Martedì, 12 Giugno 2018 12:47

Firenze, Antimafia dispone il sequestro di un bar

I due titolari erano già stati arrestati lo scorso marzo

FIRENZE – Bancarotta fraudolenta. Questa l'accusa per i titolari della pasticceria “Curtatone” di Borgo Ognissanti: stamattina il locale è stato posto sotto sequestro preventivo – disposto in via d'urgenza dalla Procura Distrettuale Antimafia – dai carabinieri del comando provinciale di Firenze e dai finanzieri della sezione di polizia giudiziaria.

Il provvedimento s'inserisce in un'operazione più ampia. Già lo scorso 27 marzo le indagini avevano portato all'arresto di due fratelli palermitani, Renato e Giovanni Sutera, entrambi pregiudicati, e di altri due indagati: i quattro sarebbero stati responsabili di aver finanziato e organizzato un'associazione a delinquere che coltivava ingenti quantità di marijuana in Spagna, per poi importarla e commerciarla in Italia.

Undici gli indagati, accusati di trasferimento fraudolento di valori e bancarotta fraudolenta. Secondo quanto emerso dalle indagini, infatti, i fratelli Sutera avevano costituito società commerciali fittizie, intestate a prestanome, che avevano poi sistematicamente portato al fallimento. Tutto per nascondere il fatto di essere effettivamente i titolari della pasticceria “Curtatone” e per truffare i creditori.

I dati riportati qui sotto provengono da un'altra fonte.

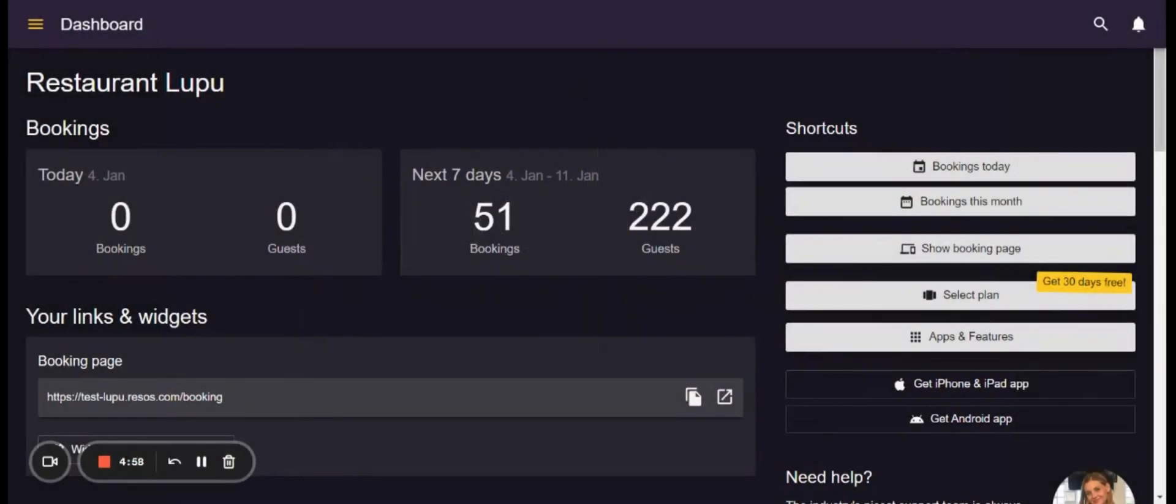Hi there, it's Andrea from Resora Support here. In this video I will walk you through the layout of the bookings and different functions that the system has in this section.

Le più recenti indagini, coordinate dal sostituto procuratore dottoressa Giuseppina Mione e svolte dal reparto operativo dei carabinieri e della guardia di finanza, hanno fatto luce su un gioco di trasferimenti e prestanome. Nel 2016 i due fratelli Sutera, titolari della “Mela s.r.l.” - società fallita l'anno successivo – in concorso con il rappresentante legale della stessa società, Elton Hoxha, mero prestanome, e all'imprenditore fiorentino Luigi Morelli, hanno trasferito 50mila euro e la stessa pasticceria “Curtatone” ad un'altra società riconducibile agli indagati, appositamente creata.

Il sequestro della pasticceria, il cui valore ammonta a circa un milione di euro, è stato disposto per evitare che la libera disponibilità dell'azienda in capo agli aggravati possa aggravare le conseguenze del reato.